Work to be completed:
Only the lines from the one that contains "Banana Republic flow tank for summer" through the end of the entries, both included, should be transcribed, exactly and without pictures.

[Short descriptive text snippets]

══════════

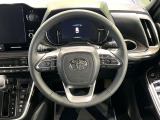 インテリアに合わせたデザインのステアリングは、運転される方のことも考え、運転しやすい形状、大きさです。是非一度、実際に触ってお確かめください。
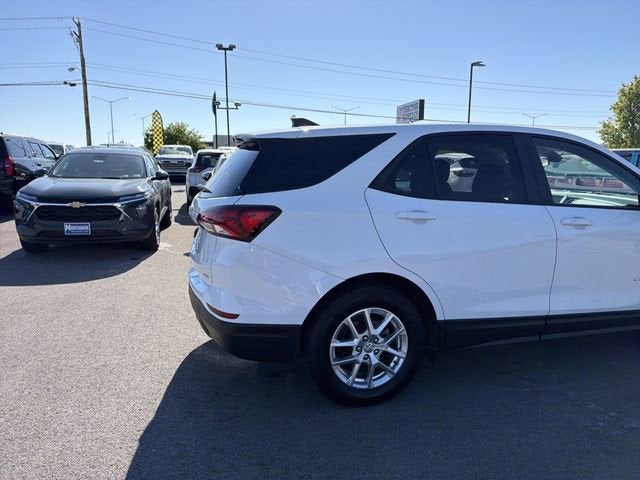2022 Chevrolet Equinox LS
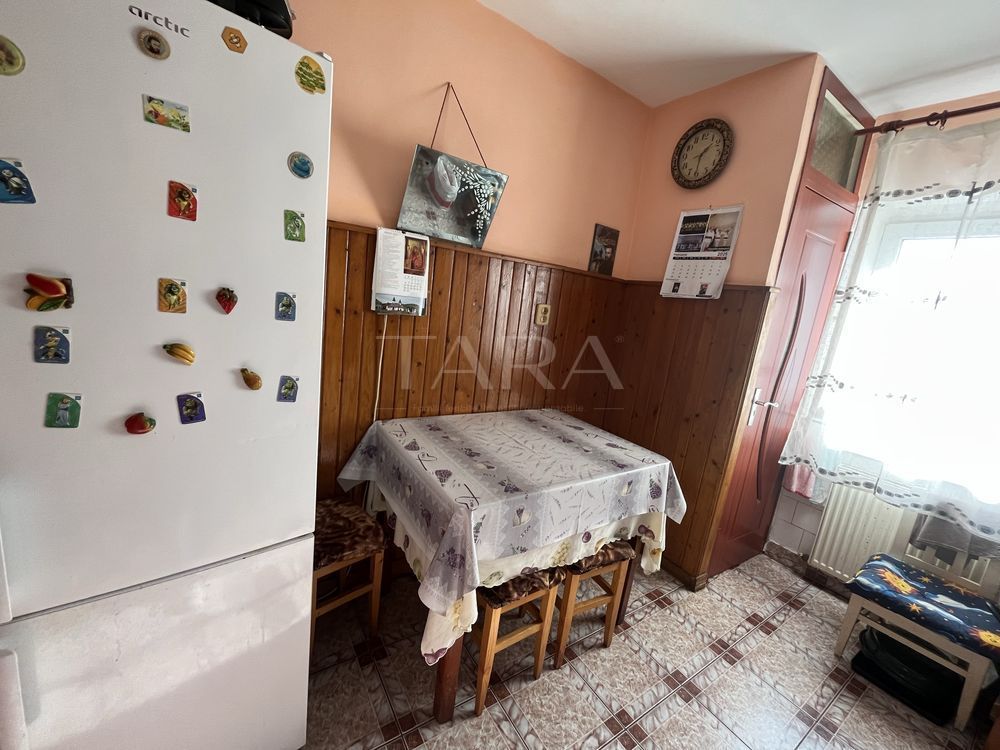 Vanzare apartament  zona FSEGA - Poză 4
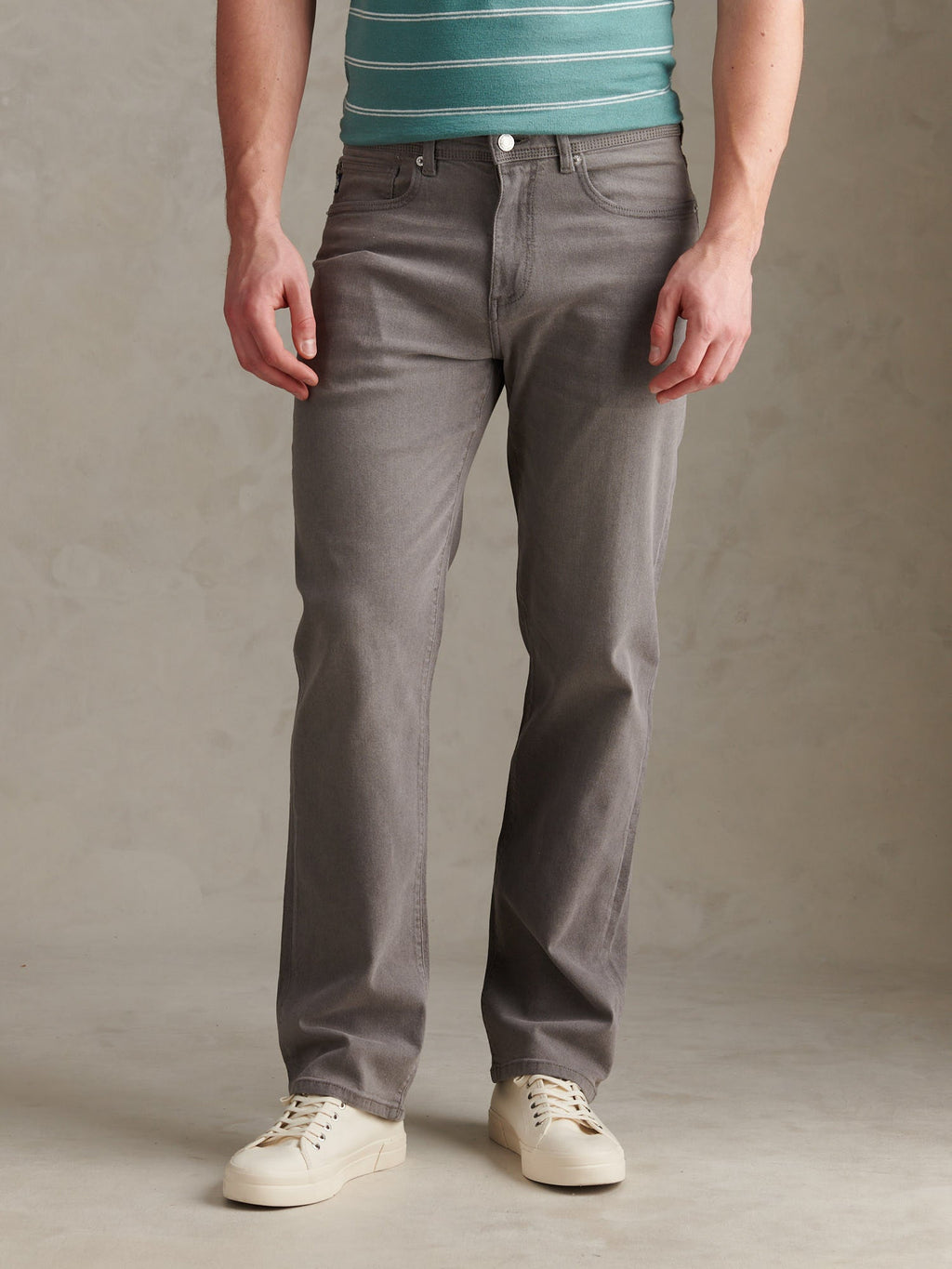 Mens Relaxed Fit Jean Grey Wash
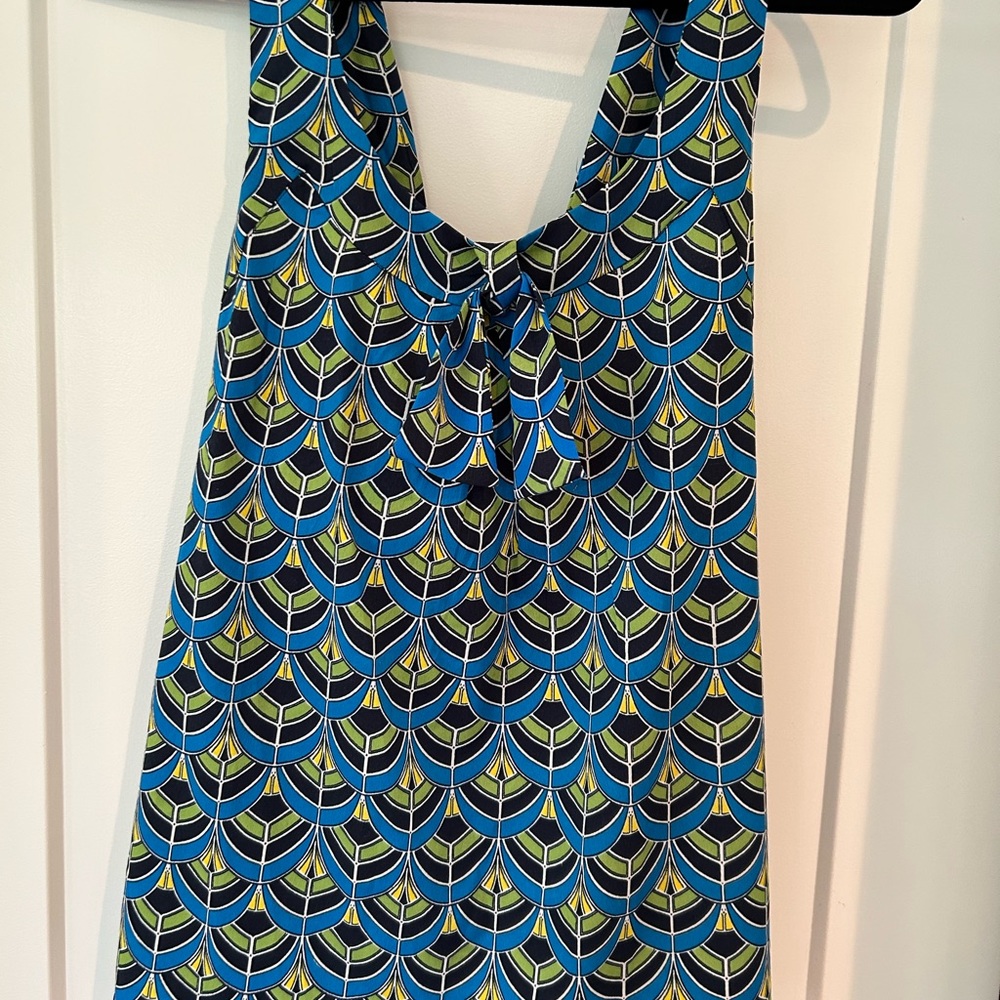 Banana Republic flow tank for summer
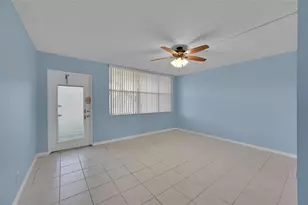 9121 Sunrise Lakes Blvd, Sunrise, FL 33322 - Photo 4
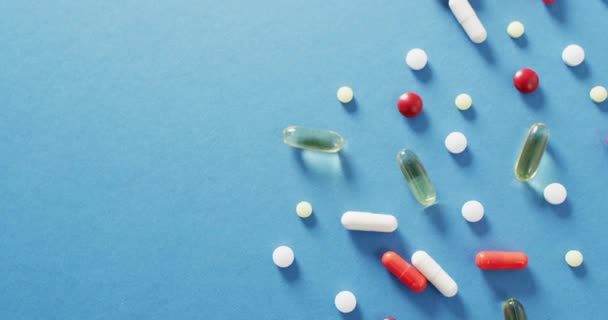 Video Různých Pilulek Kapslí Modrém Pozadí Kopírovací Prostor Medicína Lékařské — Stock video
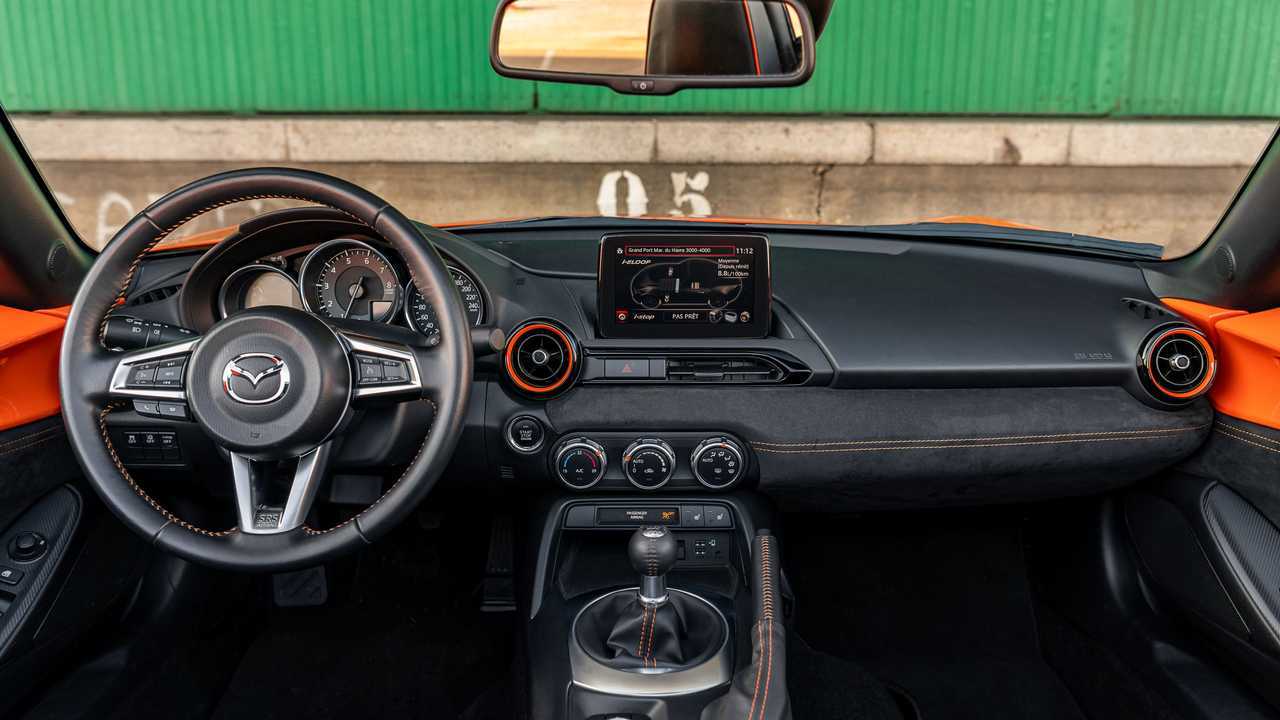 Porsche 911 Carrera GTS vs Mazda MX-5
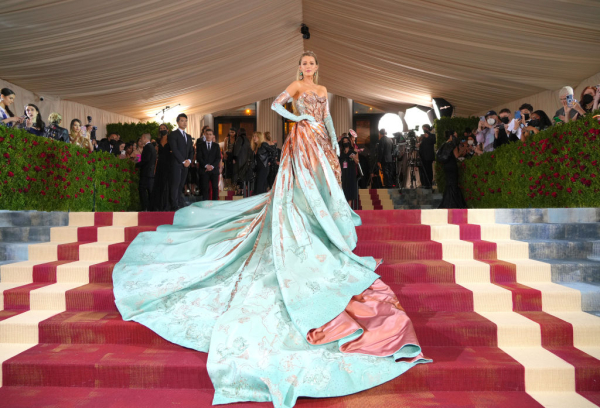 Blake Lively με Versace

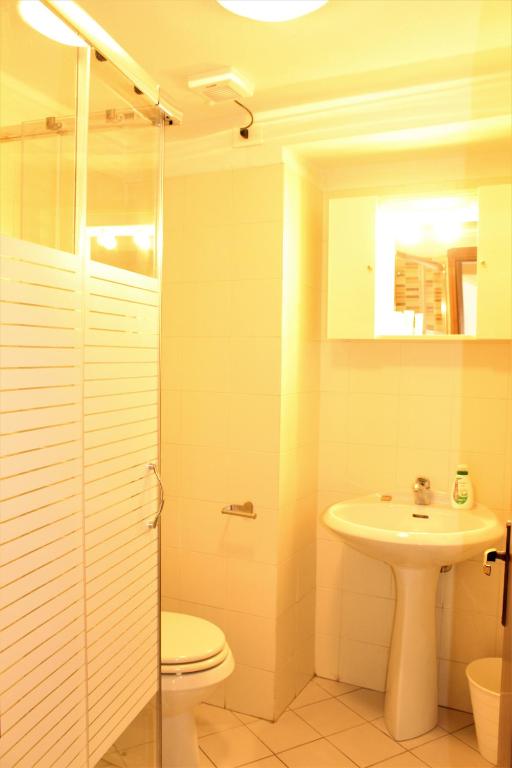 Koupelna v ubytování Trarego haus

══════════

Your response:
 Banana Republic flow tank for summer
 9121 Sunrise Lakes Blvd, Sunrise, FL 33322 - Photo 4
 Video Různých Pilulek Kapslí Modrém Pozadí Kopírovací Prostor Medicína Lékařské — Stock video
 Porsche 911 Carrera GTS vs Mazda MX-5
 Blake Lively με Versace

 Koupelna v ubytování Trarego haus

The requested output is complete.